◆ PROBLEM DETAILS
The data that follows must be transcribed in full and exactly, minus the pictures.
[[ INFORMATION SHOWN open ]]
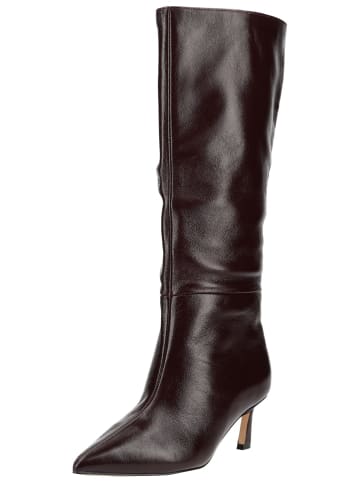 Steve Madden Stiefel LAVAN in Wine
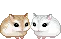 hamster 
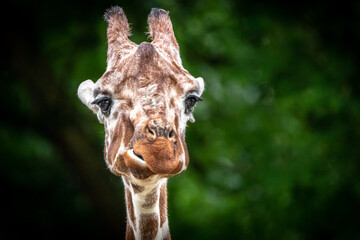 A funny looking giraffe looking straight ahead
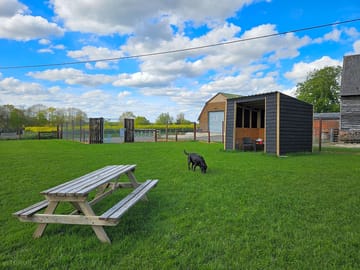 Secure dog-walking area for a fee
[[ INFORMATION SHOWN closed ]]
◆ WRITTEN REPLY
 Steve Madden Stiefel LAVAN in Wine
 hamster 
 A funny looking giraffe looking straight ahead
 Secure dog-walking area for a fee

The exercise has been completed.